> [AIM OF THE TASK] Two lines in the data below mark the range: the one with "Clean Life And" and the one with "Hailege 3 Pair". Return both, along with every line between them, exactly.

SOURCE DATA section start

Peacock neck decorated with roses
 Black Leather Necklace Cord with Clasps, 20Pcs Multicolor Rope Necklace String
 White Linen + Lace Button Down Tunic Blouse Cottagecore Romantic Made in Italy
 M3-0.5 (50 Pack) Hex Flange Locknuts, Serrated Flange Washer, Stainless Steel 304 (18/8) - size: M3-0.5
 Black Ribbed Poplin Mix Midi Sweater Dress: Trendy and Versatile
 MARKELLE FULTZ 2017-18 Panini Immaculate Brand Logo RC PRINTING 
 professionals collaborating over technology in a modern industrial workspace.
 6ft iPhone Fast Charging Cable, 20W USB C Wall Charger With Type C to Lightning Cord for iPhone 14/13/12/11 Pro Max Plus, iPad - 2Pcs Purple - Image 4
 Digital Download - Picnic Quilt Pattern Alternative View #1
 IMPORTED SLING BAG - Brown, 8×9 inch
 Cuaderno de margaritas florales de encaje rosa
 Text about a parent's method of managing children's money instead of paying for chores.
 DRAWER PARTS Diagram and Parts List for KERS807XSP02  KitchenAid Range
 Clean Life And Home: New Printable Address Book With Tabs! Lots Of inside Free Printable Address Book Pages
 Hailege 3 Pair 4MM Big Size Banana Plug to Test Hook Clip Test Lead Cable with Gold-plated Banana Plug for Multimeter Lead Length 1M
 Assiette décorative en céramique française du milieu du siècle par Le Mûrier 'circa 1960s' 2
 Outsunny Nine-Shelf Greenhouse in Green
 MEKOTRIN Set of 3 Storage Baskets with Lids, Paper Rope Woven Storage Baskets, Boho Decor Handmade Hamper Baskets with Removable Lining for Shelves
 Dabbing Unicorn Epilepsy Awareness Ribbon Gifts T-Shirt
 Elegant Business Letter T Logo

SOURCE DATA section end

> [FINISHED TASK]
 Clean Life And Home: New Printable Address Book With Tabs! Lots Of inside Free Printable Address Book Pages
 Hailege 3 Pair 4MM Big Size Banana Plug to Test Hook Clip Test Lead Cable with Gold-plated Banana Plug for Multimeter Lead Length 1M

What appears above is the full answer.